Auditoria avalia qualidade das creches da rede municipal de ensino paulistana Notícias

30/06/2021 09:30

A Subsecretaria de Fiscalização e Controle (SFC) do Tribunal de Contas do Município de São Paulo (TCMSP) promoveu uma auditoria nos Centros de Educação Infantil (CEI) da rede pública municipal da capital paulista para verificar se as creches têm propiciado aos bebês e crianças as condições necessárias ao seu desenvolvimento, examinando aspectos sensíveis à oferta de ensino de qualidade. A análise abrangeu o período de 2018 a 2020 e foi realizada pelos técnicos do TCMSP entre abril de 2020 a fevereiro de 2021. O tema pertence à relatoria do conselheiro Maurício Faria.

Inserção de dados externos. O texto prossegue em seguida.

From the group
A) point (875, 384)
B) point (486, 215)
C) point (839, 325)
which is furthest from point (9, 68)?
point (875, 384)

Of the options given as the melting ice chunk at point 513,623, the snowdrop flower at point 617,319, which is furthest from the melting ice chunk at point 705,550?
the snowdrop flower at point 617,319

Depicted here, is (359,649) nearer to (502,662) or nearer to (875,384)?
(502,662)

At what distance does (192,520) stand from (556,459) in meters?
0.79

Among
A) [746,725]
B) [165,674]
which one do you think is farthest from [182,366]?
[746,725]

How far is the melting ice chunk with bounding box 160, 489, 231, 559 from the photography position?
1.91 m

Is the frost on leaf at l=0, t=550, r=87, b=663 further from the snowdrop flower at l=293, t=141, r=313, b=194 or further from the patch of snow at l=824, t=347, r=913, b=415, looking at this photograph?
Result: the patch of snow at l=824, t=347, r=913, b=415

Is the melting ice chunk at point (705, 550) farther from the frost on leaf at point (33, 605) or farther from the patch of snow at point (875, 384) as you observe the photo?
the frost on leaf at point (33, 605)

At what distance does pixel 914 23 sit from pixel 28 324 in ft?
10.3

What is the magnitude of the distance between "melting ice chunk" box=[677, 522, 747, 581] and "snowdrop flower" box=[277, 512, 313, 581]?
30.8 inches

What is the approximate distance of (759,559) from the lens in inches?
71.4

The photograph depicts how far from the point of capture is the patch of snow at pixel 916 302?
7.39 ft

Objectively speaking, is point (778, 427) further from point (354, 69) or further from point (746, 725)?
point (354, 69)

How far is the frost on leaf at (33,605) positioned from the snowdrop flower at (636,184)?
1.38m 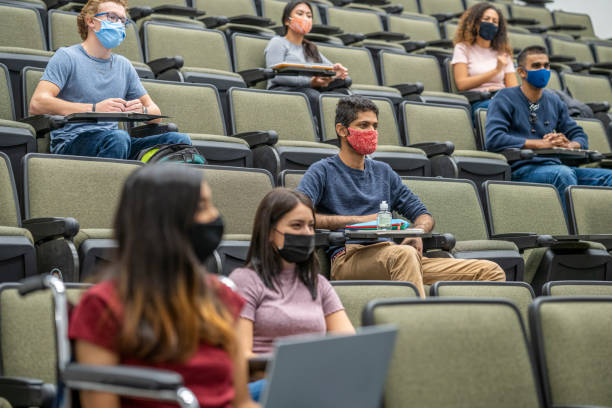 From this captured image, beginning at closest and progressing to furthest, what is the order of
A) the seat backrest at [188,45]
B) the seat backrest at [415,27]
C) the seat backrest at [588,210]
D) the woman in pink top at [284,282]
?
1. the woman in pink top at [284,282]
2. the seat backrest at [588,210]
3. the seat backrest at [188,45]
4. the seat backrest at [415,27]

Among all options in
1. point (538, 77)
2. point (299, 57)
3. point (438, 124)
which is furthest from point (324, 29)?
point (538, 77)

Para a realização do trabalho, os auditores analisaram as estruturas central (Secretaria Municipal de Educação - SME), regional (Diretorias Regionais de Educação - DREs) e local (Centros de Educação Infantil - CEIs) relacionadas ao atendimento das crianças de zero a três anos, tanto da rede direta, onde a unidade educacional é administrada diretamente pela SME, como da rede parceira, em que a unidade é gerida por uma organização da sociedade civil, com repasse de recursos da SME formalizado por meio de termo de colaboração. Também foram aplicados, para subsidiar a análise de vários pontos de verificação, questionários eletrônicos (on-line) a diretores e professores de 39 CEIs sorteados.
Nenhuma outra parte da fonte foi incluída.